- Goal of the exercise: Starting at the line that contains "Love romantic couple", quote every line through the end of the entries, word for word, skipping the pictures.

- Source information:
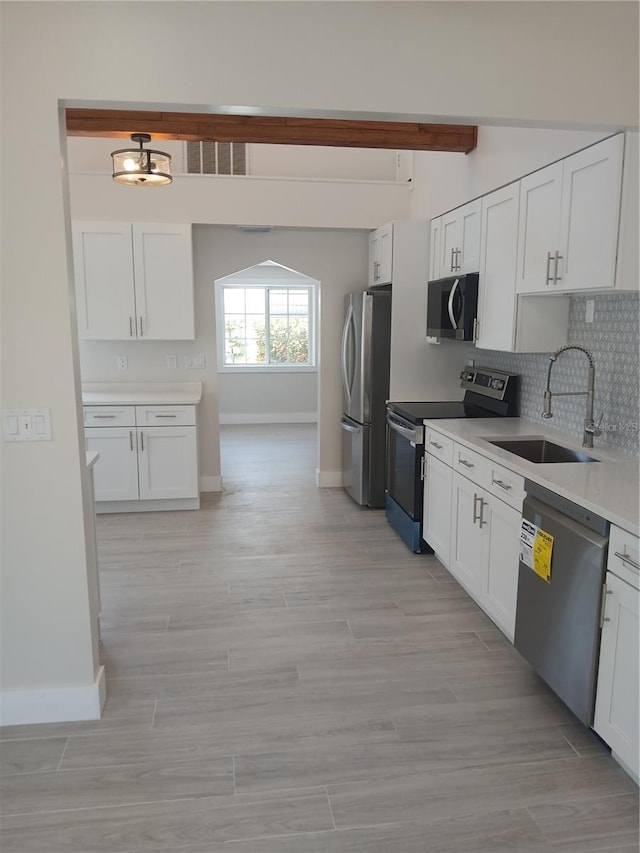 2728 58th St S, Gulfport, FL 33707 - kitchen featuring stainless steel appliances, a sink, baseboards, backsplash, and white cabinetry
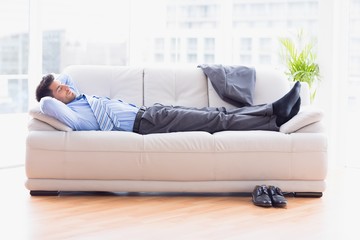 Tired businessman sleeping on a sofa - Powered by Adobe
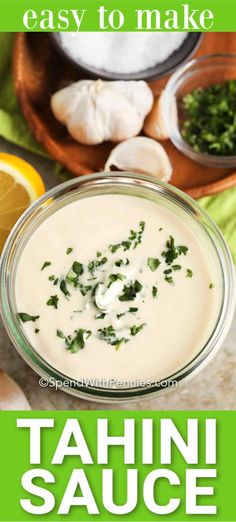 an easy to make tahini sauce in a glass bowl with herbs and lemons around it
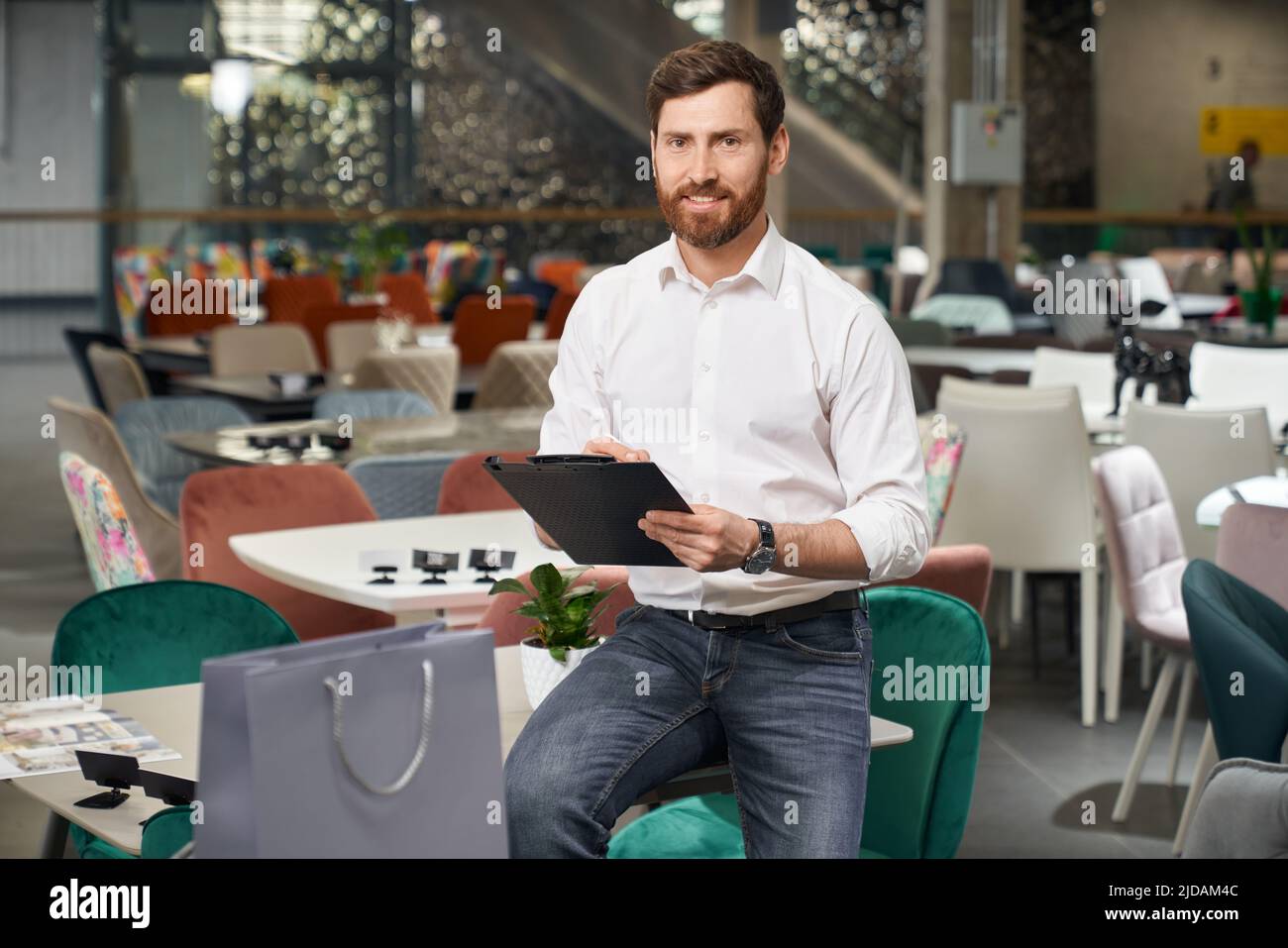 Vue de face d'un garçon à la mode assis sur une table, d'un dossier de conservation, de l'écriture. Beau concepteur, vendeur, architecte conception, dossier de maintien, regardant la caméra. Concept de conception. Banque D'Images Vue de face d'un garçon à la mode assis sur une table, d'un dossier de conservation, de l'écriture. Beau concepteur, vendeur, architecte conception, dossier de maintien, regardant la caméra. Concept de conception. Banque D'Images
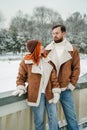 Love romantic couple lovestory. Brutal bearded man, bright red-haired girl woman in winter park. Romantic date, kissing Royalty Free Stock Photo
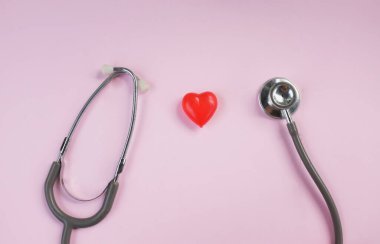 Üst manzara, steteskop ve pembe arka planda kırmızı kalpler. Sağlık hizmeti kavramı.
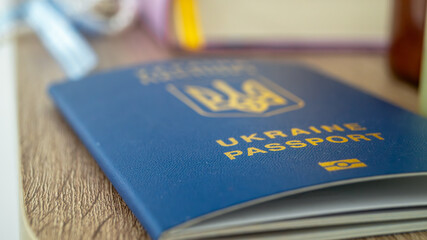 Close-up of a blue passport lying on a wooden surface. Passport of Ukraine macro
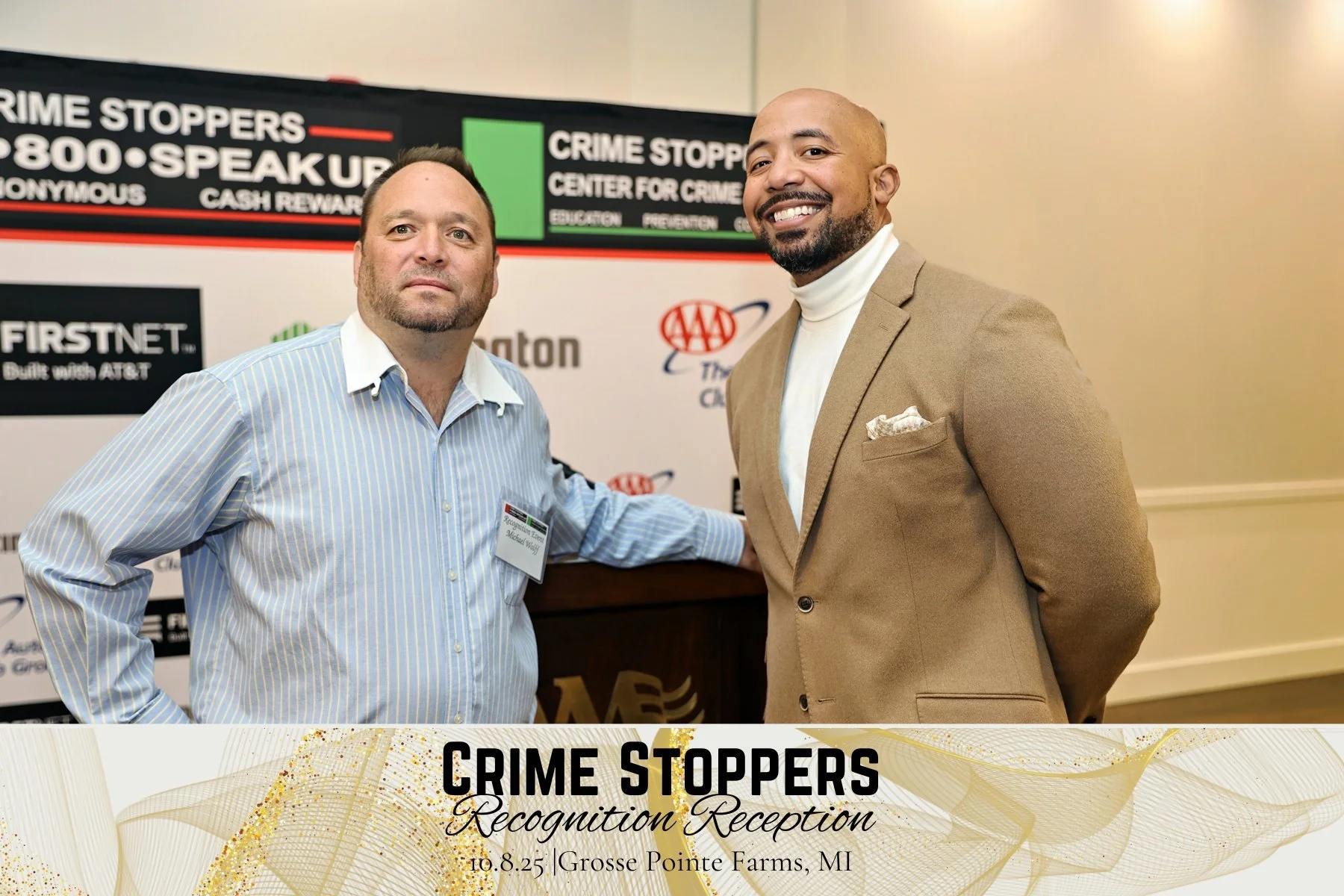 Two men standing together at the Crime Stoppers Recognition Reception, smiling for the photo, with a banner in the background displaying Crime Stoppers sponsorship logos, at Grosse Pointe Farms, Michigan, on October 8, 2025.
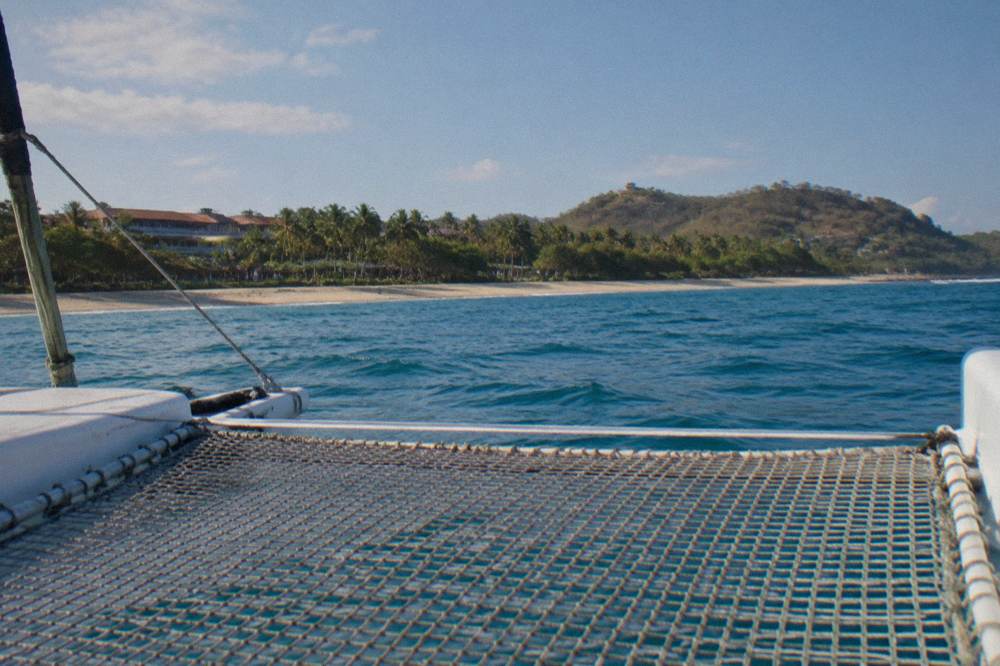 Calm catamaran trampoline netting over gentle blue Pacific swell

- Solution for this exercise:
 Love romantic couple lovestory. Brutal bearded man, bright red-haired girl woman in winter park. Romantic date, kissing Royalty Free Stock Photo
 Üst manzara, steteskop ve pembe arka planda kırmızı kalpler. Sağlık hizmeti kavramı.
 Close-up of a blue passport lying on a wooden surface. Passport of Ukraine macro
 Two men standing together at the Crime Stoppers Recognition Reception, smiling for the photo, with a banner in the background displaying Crime Stoppers sponsorship logos, at Grosse Pointe Farms, Michigan, on October 8, 2025.
 Calm catamaran trampoline netting over gentle blue Pacific swell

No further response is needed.